The inclusion of CPM in the limit when the MACT Rule regulations were first proposed put the units firing primarily bituminous fuels at risk. There could potentially be sufficient SO3 in the flue gas that would appear as CPM, resulting in a TPM emission above the 0.03 lb/MMBtu MACT Rule limit. The changes in the final MATS Rule made the NMM removal requirements more straightforward to obtain.

Upon the initial assessment, it became clear that the greatest risk involved with the NMM removal requirements was the condition of the existing ESPs and their ability to control FPM below the MATS Rule limits. In addition, future increases in particulate loading to the ESPs due to the potential addition of halogenated activated carbon for Hg control could pose further complications.

Options Considered for MATS Rule Compliance

FPM Particulate Control

The assessment of the particulate removal capability was begun by reviewing the biennial stack testing data that NIPSCO had accumulated. A number of the NIPSCO existing ESPs showed removals within the compliance levels of MATS Rule, even though none of the original performance guarantees were for a continuous 0.030 lb/MMBtu outlet. The particulate results varied widely from test to test, with test results above and below the MATS Rule limit. The only major exception to this was MCGS Unit 12, which was consistently above the limit. However, since the decision has been made to install dry FGD to comply with the acid gas provisions of MATS Rule, the existing ESP at MCGS Unit 12 will be replaced with a baghouse, bringing this unit into compliance; although, the baghouse would need to be installed prior to the MATS Rule compliance date.

As discussed above, the main issue for the NIPSCO system once the decision was made to install dry FGD at MCGS Unit 12 for MATS Rule compliance was how to ensure compliance with the particulate requirements. This is complicated by the likely need for ACI to control Hg emissions below the MATS Rule limit. The decision to accelerate the installation of the dry FGD system in time for the MATS Rule compliance date was finalized, as this would provide compliance with both the acid gas and NMM requirements for MCGS Unit 12.

In reviewing the design specifications for NIPSCO's existing ESPs, it was noticed that the designs included boxes that appeared to be conservatively sized. One parameter used to evaluate the potential for ESPs to readily collect FPM is specific collecting area (SCA). The ESPs have substantial SCAs, with the exception of MCGS Unit 12, which has an SCA of ~ 177 ft2/1,000 acfm. The other ESPs range from a low SCA of 312, up to 495 for RMSGS Units 17 and 18. These generous SCAs served as the impetus to investigate whether there might be benefit in upgrading the installed ESPs to achieve the MATS Rule level particulate removal.

ESP Upgrade Options

There are several available ESP upgrade options that may be capable of reducing the FPM emissions from the existing ESPs. The potential ESP upgrades include:

  • Install high-frequency transformer-rectifier (TR) sets
  • Upgrade collector and emitting electrode rapping systems
  • Replace the ESP internals
  • Add an additional field or additional plate area to the ESP
  • Convert part of the ESP to a baghouse (COHPAC II)1
  • Convert existing ESP into baghouse

After reviewing the basic size of NIPSCO's ESPs, it was decided, based on S&L judgment, that upgrades under consideration would include wider plate spacing, improved rapping systems, rigid electrodes, and high-frequency TR sets. As it is S&L's opinion that each of the ESPs (with the exception of MCGS Unit 12) can be upgraded to provide reduced FPM emissions, more capital-intensive options, such as the COHPAC II or conversion of the ESP into a baghouse, were not evaluated further.

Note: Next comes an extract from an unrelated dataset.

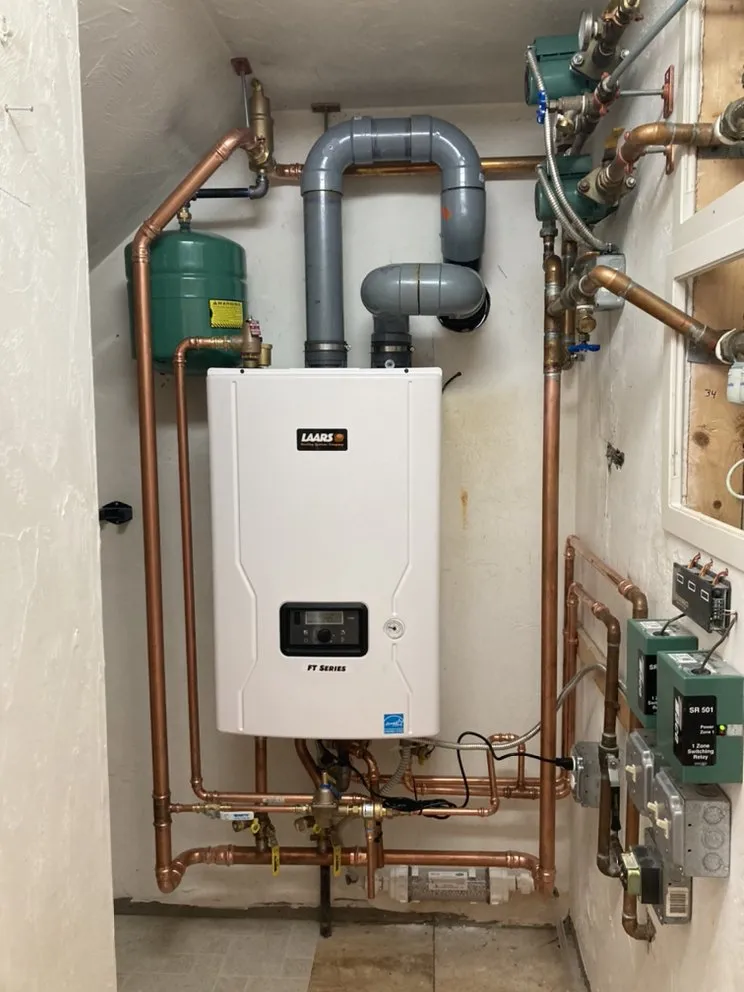 Slide of Pescatore Plumbing & Heating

Implementation of Baghouse for Particulate Compliance

The underlying reason to upgrade the existing ESPs was that the sizes of the precipitators (normally described by SCA) are quite large. With upgraded capability, we would expect sufficiently low particulate emissions that should allow NIPSCO to continue to produce outlet FPM emissions in compliance with MATS Rule limitations in the future.

A baghouse addition to the units would also represent a means to comply with the particulate requirements of the MATS Rule. A number of utilities that do not have large ESPs may utilize this option.

The following is a high-level analysis of the cost difference to install baghouse technology as compared to ESP upgrades. S&L did not perform walkdowns for the implementation of baghouse technology at the NIPSCO units other than MCGS Unit 12. Such walkdowns are necessary to more accurately predict baghouse arrangements and installation costs. However, S&L has been involved in a number of baghouse retrofit projects over the recent years and believes an analogous cost based on the units' size may prove illustrative. The vast majority of the costs for baghouses scale with the volume of flue gas being treated. The flue gas volume is proportional to the heat input of the unit, which is directly proportional to the megawatts produced by the unit.

Without taking into account the site-specific constraints of the individual units, such as potentially longer ductwork on some units due to where the baghouse would have to be built, whether ID fans would have to be replaced to provide the additional pressure drop, whether foundations would be more costly due to unusual soil conditions, and so forth, the costs for units similar in size to NIPSCO's range from $150/kw to $200/kw. These costs do not include AFUDC, taxes, owner's cost, or escalation, and are expressed as 2011 dollars.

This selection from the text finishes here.